-- Opening Marker --

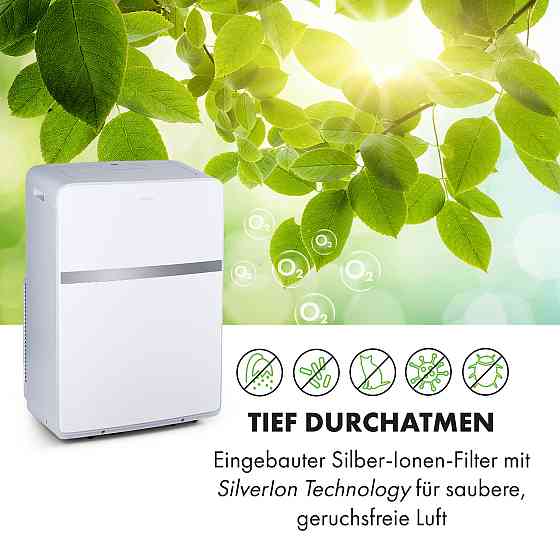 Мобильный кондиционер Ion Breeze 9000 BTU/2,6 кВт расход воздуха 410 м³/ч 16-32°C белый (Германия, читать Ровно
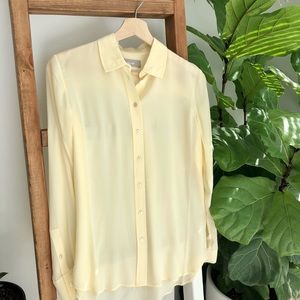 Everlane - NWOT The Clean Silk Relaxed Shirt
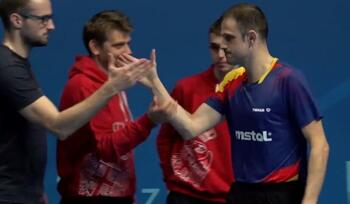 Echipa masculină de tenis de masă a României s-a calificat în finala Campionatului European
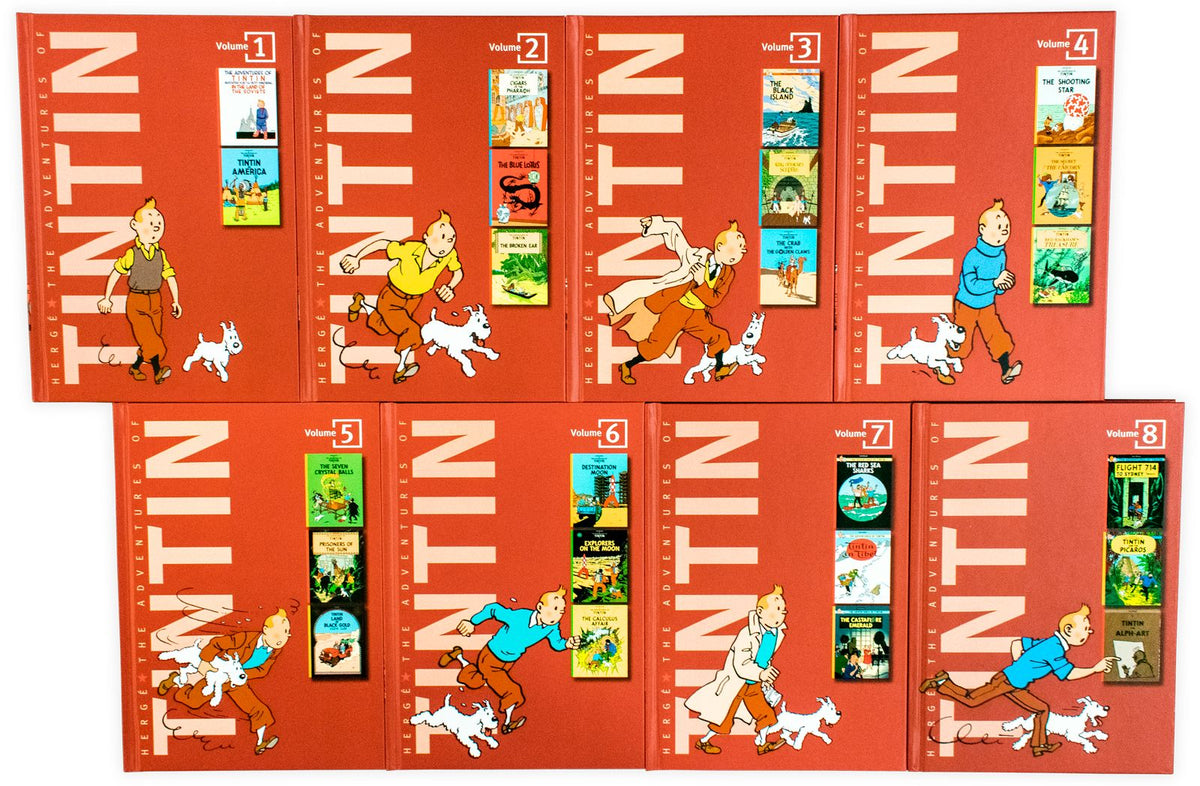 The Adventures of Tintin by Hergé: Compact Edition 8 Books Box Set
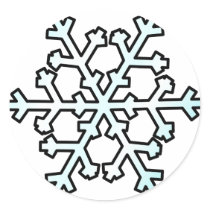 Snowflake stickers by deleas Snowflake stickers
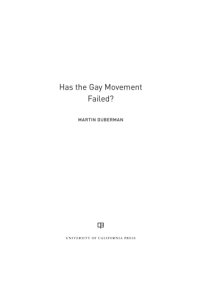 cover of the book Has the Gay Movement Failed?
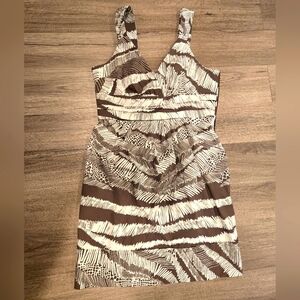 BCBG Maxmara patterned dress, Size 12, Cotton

-- Closing Marker --

Would you transcribe all of the data exactly, omitting any pictures?

 Мобильный кондиционер Ion Breeze 9000 BTU/2,6 кВт расход воздуха 410 м³/ч 16-32°C белый (Германия, читать Ровно
 Everlane - NWOT The Clean Silk Relaxed Shirt
 Echipa masculină de tenis de masă a României s-a calificat în finala Campionatului European
 The Adventures of Tintin by Hergé: Compact Edition 8 Books Box Set
 Snowflake stickers by deleas Snowflake stickers
 cover of the book Has the Gay Movement Failed?
 BCBG Maxmara patterned dress, Size 12, Cotton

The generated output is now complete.